And finally, a few years back in Plough Quarterly my friend Andrew Frisardi, a translator and Dante scholar, reviewed Mary Jo Bang's translation of the Divine Comedy, panning it --- but in a way that taught me lot that I didn't know, and with a concluding discussion of other popular translations. It's behind a paywall, but you get one or two free articles if you're not a subscriber. https://www.plough.com/en/topics/culture/literature/which-dante-translation-is-best
Also, I can't read, as in print on book covers. My Hollander translation is Jean and Robert, not John. And as Andrew points out, their translation is not really blank verse, because the number of stresses per line varies, for reasons he details in his essay (if you can't access it, those reasons boil down to the translators' desire not to pad out the lines with non-original filler to make the meter)
I am amazed that nobody has yet praised the Hollander's translation. I had read Dante before, but I only truly fell in love with Dante when the Hollander's translation arrived. Highly, and I mean Highly, recommended. I wouldn't think of using anything else for teaching purposes. Every time I have used it in a class, it gets universal raves.
I finally finished Dana Gioia's Pity the Beautiful, and began reading Theodore Roethke's Collected Verse. Pity the Beautiful ends on a personal poem which I found deeply moving in its description of loss borne through seeing the person's life refracted through the life of someone else. Of the Roethke's, I really liked The Adamant in the way it suggests the content of "thought" and I wish I had written No Bird.
I only know a few, and that just the commonly anthologized, of Roethke's poems. Of that generation, in which I read a lot, for some reason I didn't dig into his verse. Maybe it's time.
I am also much more familiar with the other members of that generation, especially Louise Bogan. I am enjoying discovering him now. Another poem of his I really liked was On the road to Woodlawn, and its very clever presentation of the first person narrator. I actually don't like My Papa's Waltz quite so much: it tackles a difficult and important topic to be sure, but the conceit is a little belaboured.
I do like the line about the mother's countenance that could not unfrown itself. More than the pots and pans jouncing off the shelf, that detail seems perfect and true.
Thank you for your post along with the beautiful image of Erato, Muse of Poetry. As a dream analyst/author/teacher, I offer a several-week online series following the nine muses, daughters of Mnemosyne and Zeus. This past Tuesday I spoke of Urania in my weekly presentation, a synchronicity with your presentation today. The Muses rise through the mysterious voice of dream (visionary lucid waking dream or dream of sleep), taking us beyond what our eyes perceive, awakening us to deeper meanings, helping us understand better ourselves and our place in the Cosmic Design. Abundant blessings to all who find themselves traveling the magical realm of poems, ancient and modern. Erato
I'm reading Sextus Propertius & the French poems of Rilke.
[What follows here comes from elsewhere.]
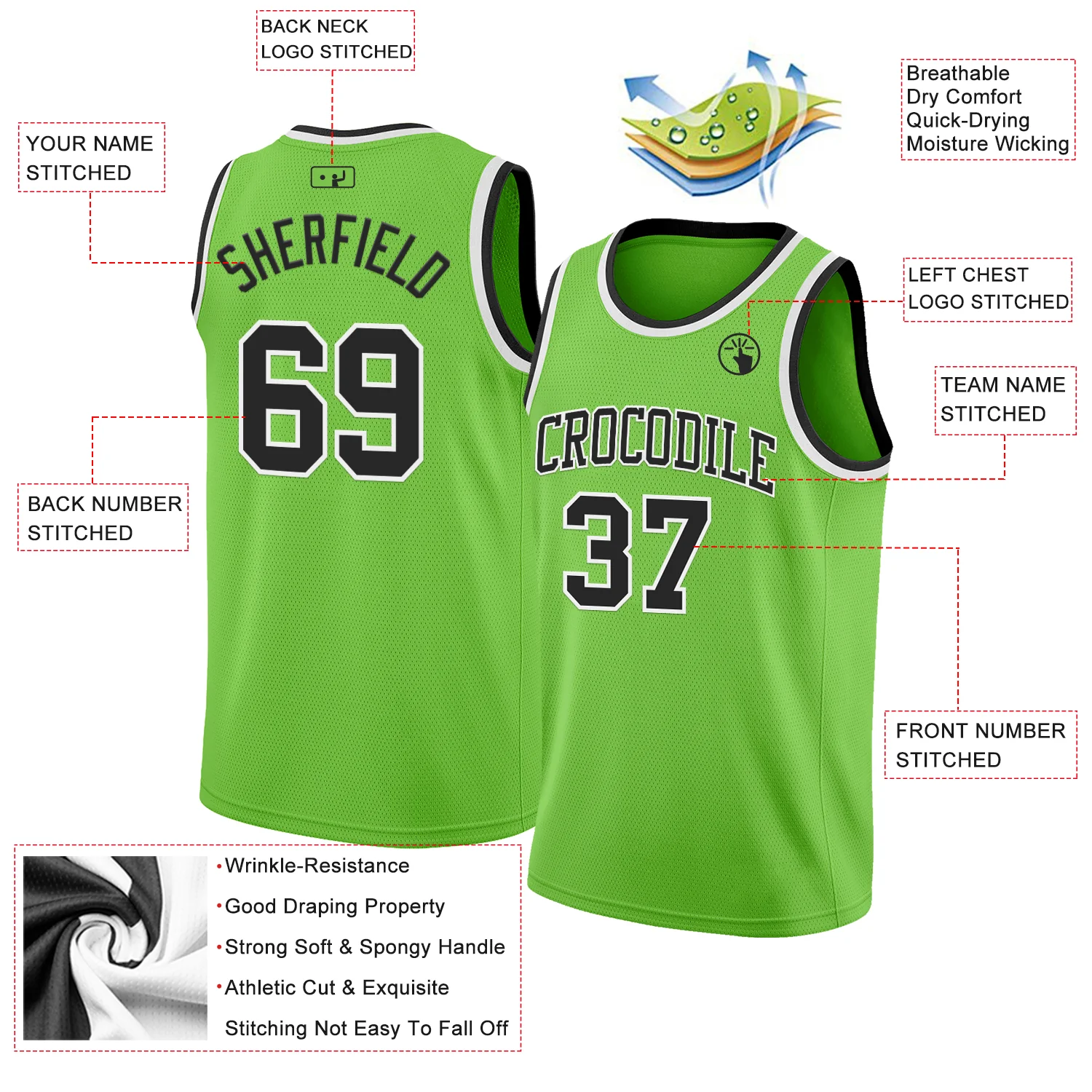 Custom Neon Green Black-White Authentic Basketball Jersey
I'm writing a talk/reading to keynote a University of St. Thomas poetry conference in a few weeks. No one has ever handed me 90 minutes before (except John Dingell in an oversight hearing) and it's taking me longer than I expected.
I penned this bit of whimsy, and included it in my collection "Born to Blush Unseen: Collected & Rejected Poems." Fair-minded readers will recognize the difference between plagiarism and homage.
THE SONNETEER
by Eric Chevlen
The sonneteer is writing sonnets still,
Though well he knows the sonnet is passé,
A scholar's musty relic. Yet the thrill
Of fourteen lines of rhyming interplay
He can't resist. He may alone beweep
His outcast state, to have been born too late
To write this style, but nonetheless he'll keep
His antique tongue, content to promulgate
More sonnets still. He has no use for verse
Of modern lilt, and less for unrhymed lines
That smack of prose. This modern age -- it's worse
Than ages past for poems, he opines.
When asked if he's convinced all else is sham
That's not a sonnet, "Yes," he says, "Iamb."
Oh, I completely forgot about some poems about poems three of us perpetrated at our satire journal. Hester Fester-Münsterfenster and Pumptilian Perniquity are two of my noms pour vers, and the other two versifiers are part of our British contingent. https://specgram.com/CLXXIX.2/03.linguimericks42.html
Currently reading The Summer Book by Tove Jansson, a perfect summer read about a grandmother and her six year old granddaughter spending the summer in the islands of Finland.
And Kristin Lavransdatter by Sigrid Undset. I just finished the second book, The Wife, and am heading into The Cross. It's even better on this my second read.
And my current audiobook is Virgil Wander by Leif Enger. So I guess I detect a distinct Nordic theme to my reading this week.
I've been reading Malcolm Guite's meditations on the Psalms, David's Crown. Especially good book to bring with me to adoration.
Our family read aloud of the Iliad is coming to an end. I had forgotten how powerful Andromache's speech is after Hector's death. This time through I'm so struck by how deeply human Homer's characters are and how much sympathy there is for both sides, especially the Trojans.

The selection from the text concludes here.